Corresponding author address: Kenneth W. Howard, U.S. Department of Commerce, NOAA/ERL, National Severe Storms Laboratory, 1313 Halley Circle, Norman, OK 73069.

Email: khoward@nssl.uoknor.edu

Abstract

Radar measurement uncertainties associated with storm top, cloud top, and other height measurements are well recognized; however, the authors feel the resulting impacts on the trends of storm features are not as well documented or understood by some users of the WSR-88D system. Detailed examination of radar-measured life cycles of thunderstorms occurring in Arizona indicates substantial limitations in the WSR-88D’s capability to depict certain aspects of storm-height attribute evolution (i.e., life cycle) accurately. These inherent limitations are illustrated using a vertical reflectivity structure model for the life cycle of a simple, “single-pulse” thunderstorm. The life cycle of this simple storm is “scanned” at varying ranges and translation speeds. The results show that radar-determined trends are often substantially different from those of the model storm and that in extreme cases the radar-detected storm and the model storm can have trends in storm-top height of opposite sign.
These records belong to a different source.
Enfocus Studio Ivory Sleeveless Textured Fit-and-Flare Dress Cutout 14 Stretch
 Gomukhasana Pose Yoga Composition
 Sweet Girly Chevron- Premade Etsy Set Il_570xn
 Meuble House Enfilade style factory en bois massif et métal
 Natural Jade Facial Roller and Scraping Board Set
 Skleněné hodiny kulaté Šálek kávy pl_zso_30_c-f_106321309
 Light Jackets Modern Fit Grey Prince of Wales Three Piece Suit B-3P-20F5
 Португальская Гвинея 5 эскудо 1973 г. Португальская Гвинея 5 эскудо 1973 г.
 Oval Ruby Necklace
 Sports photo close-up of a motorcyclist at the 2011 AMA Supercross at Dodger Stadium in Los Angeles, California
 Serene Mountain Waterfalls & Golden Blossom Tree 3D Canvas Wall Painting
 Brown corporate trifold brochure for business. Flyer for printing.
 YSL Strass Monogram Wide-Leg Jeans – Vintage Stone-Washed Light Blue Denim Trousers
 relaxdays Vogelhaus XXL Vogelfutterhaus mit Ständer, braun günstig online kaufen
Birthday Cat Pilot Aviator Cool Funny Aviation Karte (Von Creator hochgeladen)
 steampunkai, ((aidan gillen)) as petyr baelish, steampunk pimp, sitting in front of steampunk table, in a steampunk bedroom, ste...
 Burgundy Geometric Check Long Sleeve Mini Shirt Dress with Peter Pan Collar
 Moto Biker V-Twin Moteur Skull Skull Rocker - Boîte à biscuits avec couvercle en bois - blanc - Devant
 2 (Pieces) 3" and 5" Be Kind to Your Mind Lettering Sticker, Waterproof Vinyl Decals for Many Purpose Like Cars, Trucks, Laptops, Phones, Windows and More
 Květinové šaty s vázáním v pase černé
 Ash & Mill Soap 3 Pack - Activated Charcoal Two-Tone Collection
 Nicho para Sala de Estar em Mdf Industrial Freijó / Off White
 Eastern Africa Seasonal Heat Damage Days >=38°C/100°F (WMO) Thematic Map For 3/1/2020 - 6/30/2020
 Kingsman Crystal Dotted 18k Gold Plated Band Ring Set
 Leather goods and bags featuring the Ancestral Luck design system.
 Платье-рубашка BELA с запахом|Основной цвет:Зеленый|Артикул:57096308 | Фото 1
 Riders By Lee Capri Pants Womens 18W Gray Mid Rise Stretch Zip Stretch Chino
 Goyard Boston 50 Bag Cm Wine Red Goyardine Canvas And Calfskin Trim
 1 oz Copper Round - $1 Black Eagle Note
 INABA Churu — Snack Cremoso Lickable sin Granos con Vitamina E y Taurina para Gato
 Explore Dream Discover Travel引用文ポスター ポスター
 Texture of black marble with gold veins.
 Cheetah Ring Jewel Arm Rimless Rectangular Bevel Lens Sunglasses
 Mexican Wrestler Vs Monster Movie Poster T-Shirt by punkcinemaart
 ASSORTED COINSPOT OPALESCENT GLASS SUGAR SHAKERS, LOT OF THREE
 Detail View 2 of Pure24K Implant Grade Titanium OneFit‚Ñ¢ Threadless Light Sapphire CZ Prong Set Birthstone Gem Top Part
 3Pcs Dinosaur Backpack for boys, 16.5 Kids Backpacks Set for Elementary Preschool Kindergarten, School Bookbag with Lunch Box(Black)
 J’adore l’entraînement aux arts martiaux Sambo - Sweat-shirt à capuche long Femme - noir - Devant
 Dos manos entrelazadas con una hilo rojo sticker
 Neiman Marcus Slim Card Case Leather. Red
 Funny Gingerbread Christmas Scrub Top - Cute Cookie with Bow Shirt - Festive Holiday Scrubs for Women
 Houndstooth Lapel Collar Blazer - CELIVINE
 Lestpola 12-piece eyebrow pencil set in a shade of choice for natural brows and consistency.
Caution is clearly required by both the operational and research users of some products derived from operational WSR-88D data.

Corresponding author address: Kenneth W. Howard, U.S. Department of Commerce, NOAA/ERL, National Severe Storms Laboratory, 1313 Halley Circle, Norman, OK 73069.

Email: khoward@nssl.uoknor.edu

1. Introduction

The replacement of the U.S. weather radar surveillance system as part of the National Weather Service (NWS) modernization has resulted in unprecedented high-resolution radar observations of convective weather systems for operational use. Prior to the installation of the Weather Surveillance Radar-1988 Doppler (WSR-88D; Crum and Alberty 1993) network, high-resolution digital data depicting the individual life cycles of thunderstorms could only be attained through the use of research radars employed during limited field programs. These data were typically unavailable for operational use.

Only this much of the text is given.